Przysunął do stojaka jedno z krzeseł — robiącą masywne wrażenie konstrukcję z chromowanej stalowej rurki i skóry — usiadł na nim i zastygł, wbijając wzrok w pusty papier. Wziął łyk kawy. Zawsze tak robił. Wpatrywać się w pusty papier, czekając, co będzie. Czekając, aż pustka rozprzestrzeni się w jego głowie, robiąc miejsce na nowe, świeże, niespodziewane myśli.
Zadziwiające, jaki panuje tu chłód. Niemal marzł w swej cienkiej piżamie, mimo szlafroka i kawy. Dlaczego tu jestem? W momencie, gdy pojawiło się to zdanie, pojął, że tkwiło w nim przez cały czas, choć nie zadane lecz dokuczliwe, przesłaniające wszystko, cokolwiek robił. Uczucie, że jest właściwym człowiekiem na właściwym miejscu wciąż nie chciało się pojawić, daremnie ten energiczny multimilioner starał się mu to na wszelkie sposoby wmówić i daremnie sam usilnie próbował przekonać o tym samego siebie, wędrując przez luksusowy kontener, luksusowy przynajmniej w porównaniu do namiotów, którymi musiała zadowolić się większość uczestników wykopalisk. Dlaczego znalazł się tutaj akurat on, spośród wszystkich ludzi których mógłby wezwać tu ktoś pokroju Johna Kauna? Dlaczego on, niezbyt znany pisarz — a nie cały zespół naukowców, historyków, geologów, archeologów, fizyków, całe stado noblistów?

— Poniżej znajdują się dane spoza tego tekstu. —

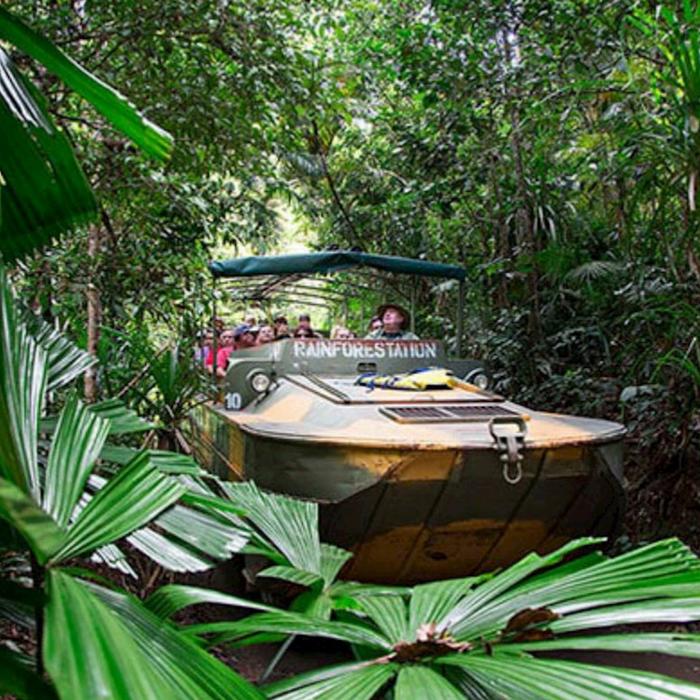 Entry to all Parks (Rainforestation Nature Park, Australian Butterfly Sanctuary, Wildlife Habitat, Cairns Koalas & Creatures).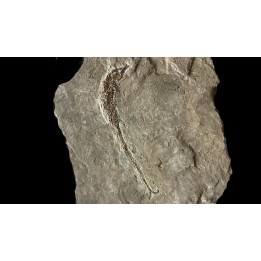 HIPPOCAMPUS RAMULOSUS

Wszystko tylko po to, by utrzymać rzecz w tajemnicy? To nie może być przyczyna. Zmuszenie do milczenia nawet dużej hordy naukowców jest wykonalne: dowiedli tego Amerykanie pod koniec drugiej wojny światowej, pracując potajemnie nad projektem bomby atomowej.
A może oni wszyscy jeszcze tu przyjadą? Od odkrycia starożytnej instrukcji obsługi minęły zaledwie trzy dni. Przeciętny wysokokaratowy naukowiec z pewnością nie mógłby w tak krótkim czasie oderwać się od swych obowiązków.
Peter Eisenhardt poczuł charakterystyczne pstryknięcie w głowie, w myślach, znał je, pojawiało się w momencie, gdy fakty uwalniały się ze swych zwykłych, tradycyjnych kontekstów, konfigurując się w nową, nieoczekiwaną, najczęściej bardziej rozbudowaną strukturę.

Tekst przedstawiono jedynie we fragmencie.